The task
Among these records, which lines include "Western"? Copy them out.

■ ■ ■ ■ ■ ■ ■

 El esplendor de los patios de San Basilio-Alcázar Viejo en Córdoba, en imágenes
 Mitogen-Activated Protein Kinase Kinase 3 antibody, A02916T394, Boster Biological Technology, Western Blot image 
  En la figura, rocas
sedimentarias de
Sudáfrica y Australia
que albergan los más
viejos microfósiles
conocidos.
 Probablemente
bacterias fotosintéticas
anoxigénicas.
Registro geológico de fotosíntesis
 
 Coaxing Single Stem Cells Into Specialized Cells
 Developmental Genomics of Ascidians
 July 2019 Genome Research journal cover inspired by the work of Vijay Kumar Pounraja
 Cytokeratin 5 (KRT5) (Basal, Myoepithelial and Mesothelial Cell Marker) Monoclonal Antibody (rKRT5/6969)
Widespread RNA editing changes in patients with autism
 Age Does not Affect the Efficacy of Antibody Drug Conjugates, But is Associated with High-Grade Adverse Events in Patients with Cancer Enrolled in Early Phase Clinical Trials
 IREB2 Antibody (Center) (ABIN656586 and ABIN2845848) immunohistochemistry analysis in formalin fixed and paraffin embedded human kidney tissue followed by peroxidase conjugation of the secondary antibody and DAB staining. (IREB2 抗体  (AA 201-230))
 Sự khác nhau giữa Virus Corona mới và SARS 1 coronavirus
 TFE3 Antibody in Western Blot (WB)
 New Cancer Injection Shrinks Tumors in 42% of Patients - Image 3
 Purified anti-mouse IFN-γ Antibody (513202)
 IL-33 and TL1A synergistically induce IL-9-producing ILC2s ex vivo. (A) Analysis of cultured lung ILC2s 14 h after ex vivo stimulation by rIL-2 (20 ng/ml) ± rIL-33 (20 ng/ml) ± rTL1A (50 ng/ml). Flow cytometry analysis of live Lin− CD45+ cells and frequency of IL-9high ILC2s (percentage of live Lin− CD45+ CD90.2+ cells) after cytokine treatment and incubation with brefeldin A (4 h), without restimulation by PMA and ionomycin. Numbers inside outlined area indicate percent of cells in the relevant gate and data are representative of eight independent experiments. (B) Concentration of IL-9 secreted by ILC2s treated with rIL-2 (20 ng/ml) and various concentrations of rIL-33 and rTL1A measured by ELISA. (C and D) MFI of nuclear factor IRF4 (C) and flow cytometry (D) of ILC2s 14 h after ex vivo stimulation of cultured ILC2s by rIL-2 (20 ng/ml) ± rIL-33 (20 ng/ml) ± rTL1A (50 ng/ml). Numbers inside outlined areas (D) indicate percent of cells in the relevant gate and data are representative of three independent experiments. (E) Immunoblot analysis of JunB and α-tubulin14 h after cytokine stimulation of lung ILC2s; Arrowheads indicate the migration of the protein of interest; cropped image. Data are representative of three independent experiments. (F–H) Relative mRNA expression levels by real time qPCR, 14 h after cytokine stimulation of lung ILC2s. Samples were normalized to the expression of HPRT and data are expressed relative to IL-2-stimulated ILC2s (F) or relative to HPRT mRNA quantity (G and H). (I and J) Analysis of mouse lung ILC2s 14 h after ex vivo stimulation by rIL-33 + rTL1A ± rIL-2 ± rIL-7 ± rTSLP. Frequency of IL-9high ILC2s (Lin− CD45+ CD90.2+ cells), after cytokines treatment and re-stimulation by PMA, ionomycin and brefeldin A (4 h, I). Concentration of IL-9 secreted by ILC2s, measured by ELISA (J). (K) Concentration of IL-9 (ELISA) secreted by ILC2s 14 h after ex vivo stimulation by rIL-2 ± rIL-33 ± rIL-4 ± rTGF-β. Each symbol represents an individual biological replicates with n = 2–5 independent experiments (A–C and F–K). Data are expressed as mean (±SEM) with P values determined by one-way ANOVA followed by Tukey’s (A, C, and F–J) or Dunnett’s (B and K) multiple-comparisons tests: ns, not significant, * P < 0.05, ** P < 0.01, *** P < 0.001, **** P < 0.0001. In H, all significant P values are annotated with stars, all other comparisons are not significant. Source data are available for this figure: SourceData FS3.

■ ■ ■ ■ ■ ■ ■

Response
 Mitogen-Activated Protein Kinase Kinase 3 antibody, A02916T394, Boster Biological Technology, Western Blot image 
 TFE3 Antibody in Western Blot (WB)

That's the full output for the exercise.